When the dust settles and the anger—strongly felt by many of our communities—subsides, this report will stand as a monument to the arrogance of a Government who believed it was one rule for them and another for everyone else. It is pretty clear that the Prime Minister knew exactly what was happening in No. 10 throughout the lockdown period and that it was wrong, both legally and morally. Five months ago, he told the House of Commons that all guidance was followed completely in No. 10. I am sure many noble Lords opposite, if they were here, feel uncomfortable. I know that many of those who are not here feel uncomfortable, at the very least. I know that many feel far worse, especially those who served under previous, more honourable Prime Ministers.

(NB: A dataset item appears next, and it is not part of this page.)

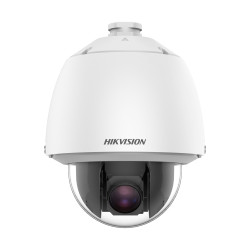DS-2DE5425WG1-E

In her response, I hope the Minister will comment further on how cleaners and security guards at No. 10 were able quickly to ascertain that those events were clear breaches of the lockdown rules and call them out. They were faced with what can be described only as entitled abuse, while the Prime Minister told Parliament that he was unsure what the rules were. In the light of Sue Gray’s conclusion, does the Minister agree that the promised apology to those hard-working custodians and cleaners in Downing Street should be formal and in writing? They have been subject to rudeness and disrespect from officials and advisers while they were simply trying to do their job.
Sue Gray’s report shows systematic law-breaking, with photographic evidence that the Prime Minister himself broke the rules on multiple occasions. Allegra Stratton is the only one to have resigned, despite this industrial-scale breaking of the rules. Does the Minister think this is right? When the Prime Minister said that he was taking personal responsibility, what did that mean, beyond those words? What action will he take? Allegra Stratton did take personal responsibility. As Keir Starmer said:
“No. 10 symbolises the principles of public life in this country—selflessness, integrity, objectivity, accountability, openness, honesty and leadership.”
Nobody, but nobody, reading this report can honestly believe that the Prime Minister has upheld them.
Our constitution relies on Members of Parliament and the custodians of No. 10 behaving responsibly, honestly and in the interests of the British people. When our leaders fall short of these standards, Parliament has a duty to act. Without these standards, not only is our democracy weakened but our global reputation is impacted. The trust and confidence that this nation has built is severely weakened if the man who represents us is not believed by other global leaders.
I address these remarks to the noble Lords opposite. They must now use their influence on colleagues in the other place to stop this out-of-touch, out-of-control Prime Minister from driving Britain towards disaster. The values symbolised by the door of No. 10 must be restored. Only then can we restore the dignity of that great office and the democracy it represents.